### [Supplied material]
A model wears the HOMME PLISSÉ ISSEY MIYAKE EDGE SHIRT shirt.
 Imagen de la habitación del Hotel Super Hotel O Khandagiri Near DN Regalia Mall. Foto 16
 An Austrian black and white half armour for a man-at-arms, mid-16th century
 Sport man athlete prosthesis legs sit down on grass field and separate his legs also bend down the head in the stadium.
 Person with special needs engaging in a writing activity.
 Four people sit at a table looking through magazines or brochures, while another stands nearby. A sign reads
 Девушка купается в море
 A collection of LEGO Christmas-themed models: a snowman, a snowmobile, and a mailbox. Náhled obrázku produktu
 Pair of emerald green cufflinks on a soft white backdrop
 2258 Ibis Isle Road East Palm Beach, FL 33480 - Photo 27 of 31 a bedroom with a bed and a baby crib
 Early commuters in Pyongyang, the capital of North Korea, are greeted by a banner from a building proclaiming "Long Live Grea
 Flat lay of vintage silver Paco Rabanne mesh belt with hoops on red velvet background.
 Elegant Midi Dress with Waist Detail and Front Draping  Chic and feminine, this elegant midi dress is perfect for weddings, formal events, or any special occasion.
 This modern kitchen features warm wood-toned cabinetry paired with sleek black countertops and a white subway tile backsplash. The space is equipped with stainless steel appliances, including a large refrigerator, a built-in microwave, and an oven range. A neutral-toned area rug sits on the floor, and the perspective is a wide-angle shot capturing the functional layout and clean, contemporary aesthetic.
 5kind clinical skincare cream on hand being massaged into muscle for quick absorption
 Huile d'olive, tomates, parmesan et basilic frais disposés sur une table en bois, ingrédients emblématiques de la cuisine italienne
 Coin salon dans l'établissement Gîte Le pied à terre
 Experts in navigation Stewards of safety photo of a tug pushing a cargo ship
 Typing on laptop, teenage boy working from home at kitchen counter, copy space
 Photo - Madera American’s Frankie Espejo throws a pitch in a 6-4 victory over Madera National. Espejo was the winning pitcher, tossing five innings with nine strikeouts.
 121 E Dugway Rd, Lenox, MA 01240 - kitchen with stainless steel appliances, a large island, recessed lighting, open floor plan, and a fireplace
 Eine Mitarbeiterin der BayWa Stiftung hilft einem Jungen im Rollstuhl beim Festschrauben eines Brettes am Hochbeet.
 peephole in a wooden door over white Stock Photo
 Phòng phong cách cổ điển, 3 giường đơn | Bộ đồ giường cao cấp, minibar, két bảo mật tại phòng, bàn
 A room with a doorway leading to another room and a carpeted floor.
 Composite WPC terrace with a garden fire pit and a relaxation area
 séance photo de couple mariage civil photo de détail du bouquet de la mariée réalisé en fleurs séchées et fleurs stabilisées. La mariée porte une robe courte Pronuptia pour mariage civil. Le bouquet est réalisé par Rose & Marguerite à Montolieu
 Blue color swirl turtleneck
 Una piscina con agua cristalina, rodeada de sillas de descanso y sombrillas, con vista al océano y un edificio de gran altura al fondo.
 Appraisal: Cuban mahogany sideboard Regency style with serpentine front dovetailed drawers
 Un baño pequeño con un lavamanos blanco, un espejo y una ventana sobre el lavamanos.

### [Problem to work on]
Set down the material above exactly, in full.

### [Response to this exercise]
A model wears the HOMME PLISSÉ ISSEY MIYAKE EDGE SHIRT shirt.
 Imagen de la habitación del Hotel Super Hotel O Khandagiri Near DN Regalia Mall. Foto 16
 An Austrian black and white half armour for a man-at-arms, mid-16th century
 Sport man athlete prosthesis legs sit down on grass field and separate his legs also bend down the head in the stadium.
 Person with special needs engaging in a writing activity.
 Four people sit at a table looking through magazines or brochures, while another stands nearby. A sign reads
 Девушка купается в море
 A collection of LEGO Christmas-themed models: a snowman, a snowmobile, and a mailbox. Náhled obrázku produktu
 Pair of emerald green cufflinks on a soft white backdrop
 2258 Ibis Isle Road East Palm Beach, FL 33480 - Photo 27 of 31 a bedroom with a bed and a baby crib
 Early commuters in Pyongyang, the capital of North Korea, are greeted by a banner from a building proclaiming "Long Live Grea
 Flat lay of vintage silver Paco Rabanne mesh belt with hoops on red velvet background.
 Elegant Midi Dress with Waist Detail and Front Draping  Chic and feminine, this elegant midi dress is perfect for weddings, formal events, or any special occasion.
 This modern kitchen features warm wood-toned cabinetry paired with sleek black countertops and a white subway tile backsplash. The space is equipped with stainless steel appliances, including a large refrigerator, a built-in microwave, and an oven range. A neutral-toned area rug sits on the floor, and the perspective is a wide-angle shot capturing the functional layout and clean, contemporary aesthetic.
 5kind clinical skincare cream on hand being massaged into muscle for quick absorption
 Huile d'olive, tomates, parmesan et basilic frais disposés sur une table en bois, ingrédients emblématiques de la cuisine italienne
 Coin salon dans l'établissement Gîte Le pied à terre
 Experts in navigation Stewards of safety photo of a tug pushing a cargo ship
 Typing on laptop, teenage boy working from home at kitchen counter, copy space
 Photo - Madera American’s Frankie Espejo throws a pitch in a 6-4 victory over Madera National. Espejo was the winning pitcher, tossing five innings with nine strikeouts.
 121 E Dugway Rd, Lenox, MA 01240 - kitchen with stainless steel appliances, a large island, recessed lighting, open floor plan, and a fireplace
 Eine Mitarbeiterin der BayWa Stiftung hilft einem Jungen im Rollstuhl beim Festschrauben eines Brettes am Hochbeet.
 peephole in a wooden door over white Stock Photo
 Phòng phong cách cổ điển, 3 giường đơn | Bộ đồ giường cao cấp, minibar, két bảo mật tại phòng, bàn
 A room with a doorway leading to another room and a carpeted floor.
 Composite WPC terrace with a garden fire pit and a relaxation area
 séance photo de couple mariage civil photo de détail du bouquet de la mariée réalisé en fleurs séchées et fleurs stabilisées. La mariée porte une robe courte Pronuptia pour mariage civil. Le bouquet est réalisé par Rose & Marguerite à Montolieu
 Blue color swirl turtleneck
 Una piscina con agua cristalina, rodeada de sillas de descanso y sombrillas, con vista al océano y un edificio de gran altura al fondo.
 Appraisal: Cuban mahogany sideboard Regency style with serpentine front dovetailed drawers
 Un baño pequeño con un lavamanos blanco, un espejo y una ventana sobre el lavamanos.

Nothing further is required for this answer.